Recent trends suggest age at relatively younger age and in 2005 age at stroke was 69.2 years with 12.9% of patients under age 55 years [39]. The mean age at stroke in our study was 51 ± 14.2 years and about 55% of patients were younger than 55 years of age. Compared to statistics from 2005 [17] our patients were relatively younger likely due to cardio-embolic source of stroke. MCA territory was most commonly affected territory. TTE was not effective in detecting LE and missed LE in 50% of the cases and LE in these. Thus it can be concluded that TEE is superior to TTE in diagnosing LE. LE originated from aortic valve most commonly followed by mitral and pulmonary valve. Recurrent stroke was reported in 30% of cases.
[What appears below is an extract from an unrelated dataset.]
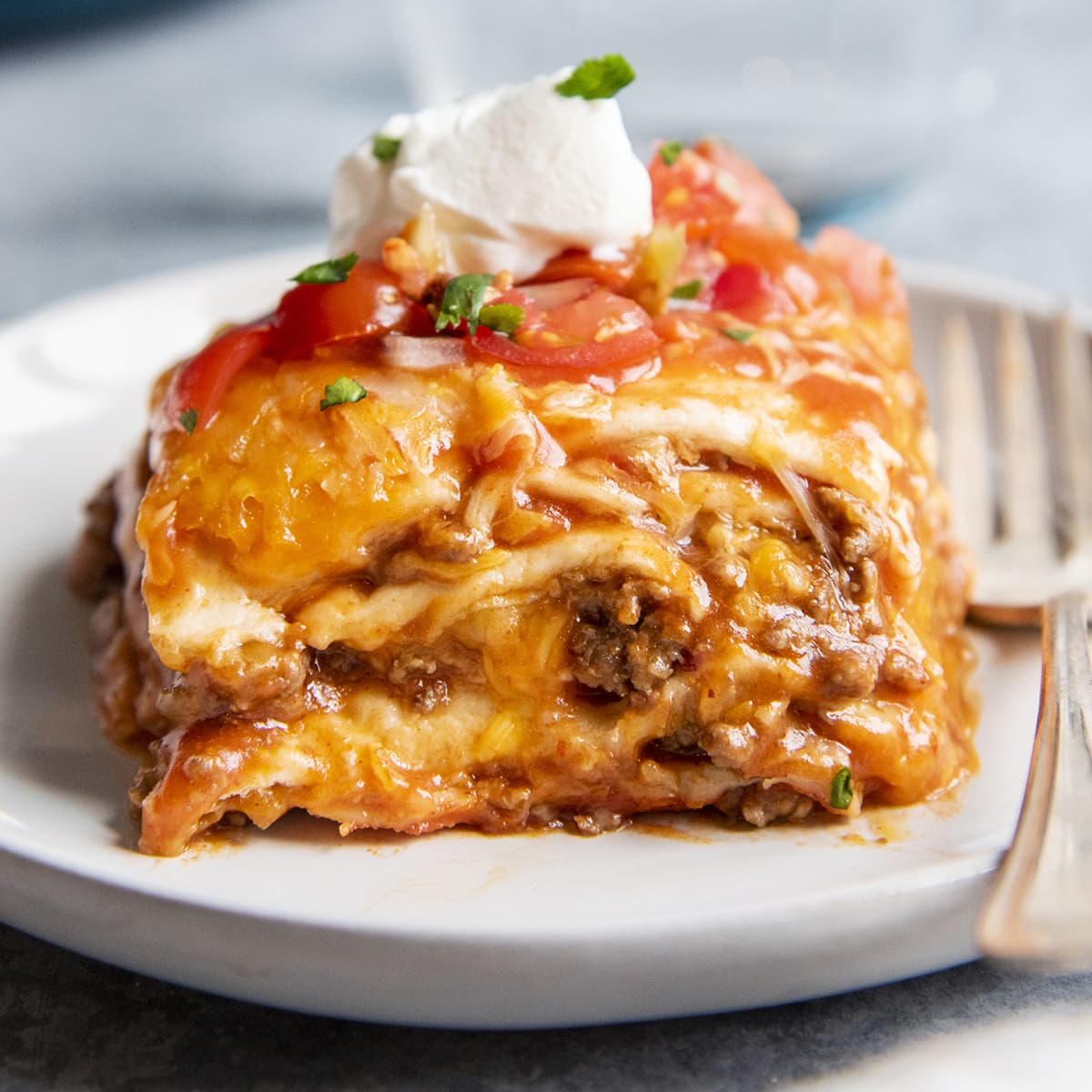 A square close up image of a slice of layered dutch oven enchiladas.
Though no mortality was not reported at the time of publication of these cases it is not clear if stroke secondary to LE led to mortality in any of the patients. Management strategy employed varied widely likely based on individual experience as large.
5. Conclusion
LE is a rare cause of cardioembolic stroke. When noted on imaging studies it is difficult to conclude if LE is the cause of stroke or just an innocent bystander. As noted in our study LE is associated with high risk of stroke recurrence. TEE is superior to TTE in detection of LE. The study design likely attributes to no mortality not noted in our study and as noted with other causes of cardioembolic stroke, LE may be expected to carry a high mortality rate on follow up. We recommend dual antiplatelet after the first episode of CVA related to LE and an antiplatelet in combination with anticoagulation after the second CVA attributed to LE. Also it is reasonable to offer valve replacement after second CVA related to LE as the recurrence rate of CVA is high. Due to rarity in LE reporting and its management a shared decision making has to be made depending on the clinical status of the patient.
Competing Interests
The authors have no competing interests with the work presented in this manuscript.